IU-Fall-2021

Course web page for Fall 2021.

View the Project on GitHub IUCompilerCourse/IU-Fall-2021

Lecture: Compiling L_Var, Uniquify, Remove Complex, Explicate Control

x86 Assembly Language

reg ::= rsp | rbp | rsi | rdi | rax | .. | rdx  | r8 | ... | r15
arg ::=  $int | %reg | int(%reg) 
instr ::= addq  arg, arg |
		  subq  arg, arg |
		  negq  arg | 
		  movq  arg, arg | 
		  callq label |
		  pushq arg | 
		  popq arg | 
		  retq 
prog ::=  .globl main
		   main:  instr^{+}

Intel Machine: * program counter * registers * memory (stack and heap)

Example compilation of a Racket/Python program:

(+ 10 32)             10 + 32

=>

	.globl main
main:
	movq	$10, %rax
	addq	$32, %rax
	movq	%rax, %rdi
	callq	print_int
	movq    $0, %rax
	retq

What’s different?

  1. 2 args and return value vs. 2 arguments with in-place update
  2. nested expressions vs. atomic expressions
  3. order of evaluation: left-to-right depth-first, vs. sequential
  4. unbounded number of variables vs. registers + memory
  5. variables can overshadow vs. uniquely named registers + memory

In what order should we do these passes?

Gordian Knot:

Doing instruction selection first enables improved register allocation. For example, instruction selection reveals which function parameters live in which registers.

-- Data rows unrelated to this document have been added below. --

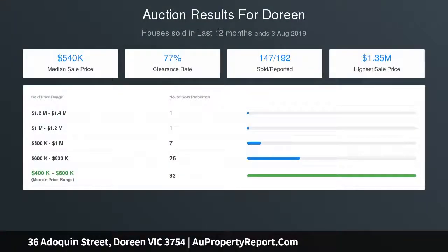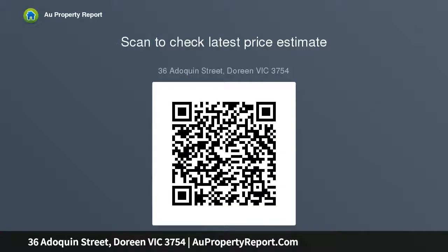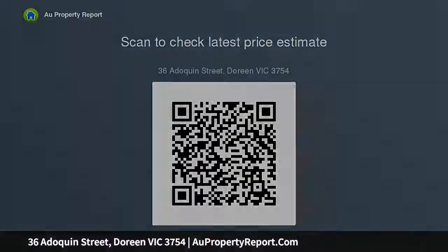Additional features include adaptive heating and cooling, ducted vacuum, alarm system, day and night blinds, solar hot water, landscaped front and backyard, and a remote double-car garage. Situated in a quiet and peaceful location, only minutes away from Yan Yin Road.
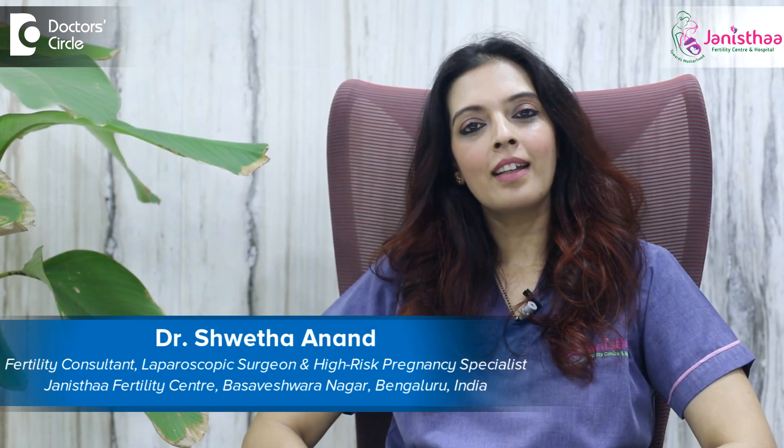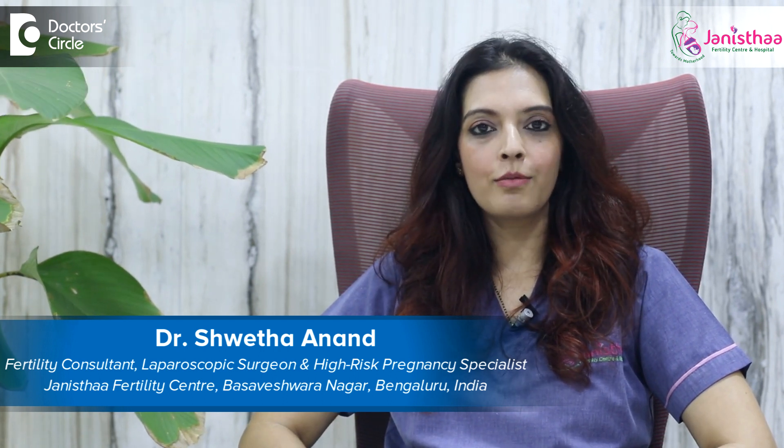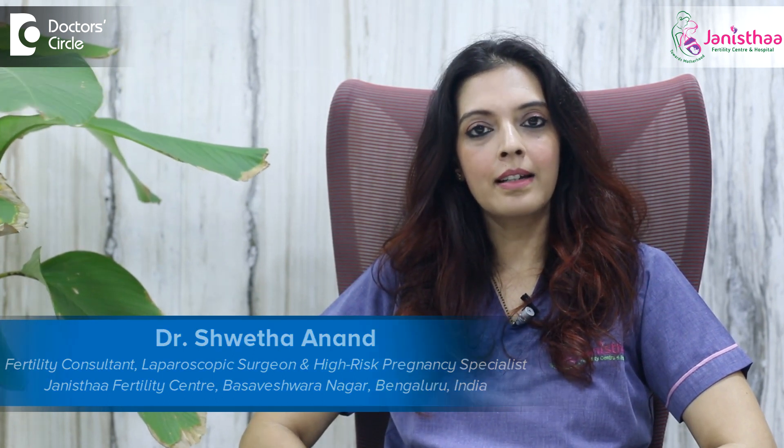Namaste. I'm Dr. Shweta Anand. I'm a fertility consultant having more than 15 years of practice and plenty of IVF cycles to my credit. I practice in Janessa Fertility Center, which is situated in Basveshwar Nagar, Bangalore.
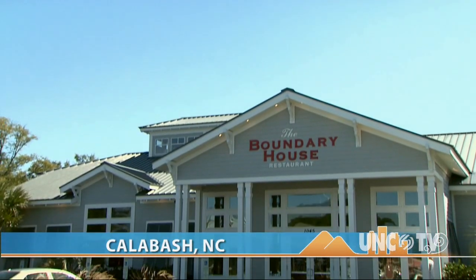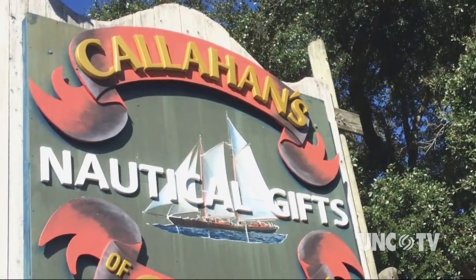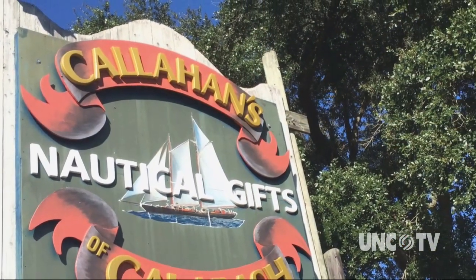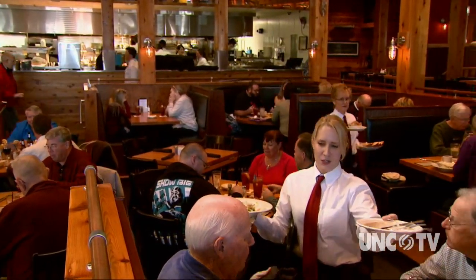The Boundary House is a large, attractive restaurant owned and operated by the folks who own and operate the sprawling Callahan's Gift Shop complex in downtown Calabash. As is the case at the Gift Shop, the Boundary House has lots and lots of choices.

On the other hand, we should do instruction selection after register allocation because register allocation may fail to put some variables in registers, and x86 instructions may each only access one memory location (non-register), so the compiler must choose different instruction sequences depending on the register allocation.

solution:

  1. do instruction selection optimistically, assuming all variables are assigned to registers
  2. then do register allocation
  3. then patch up the instructions using a reserved register (rax)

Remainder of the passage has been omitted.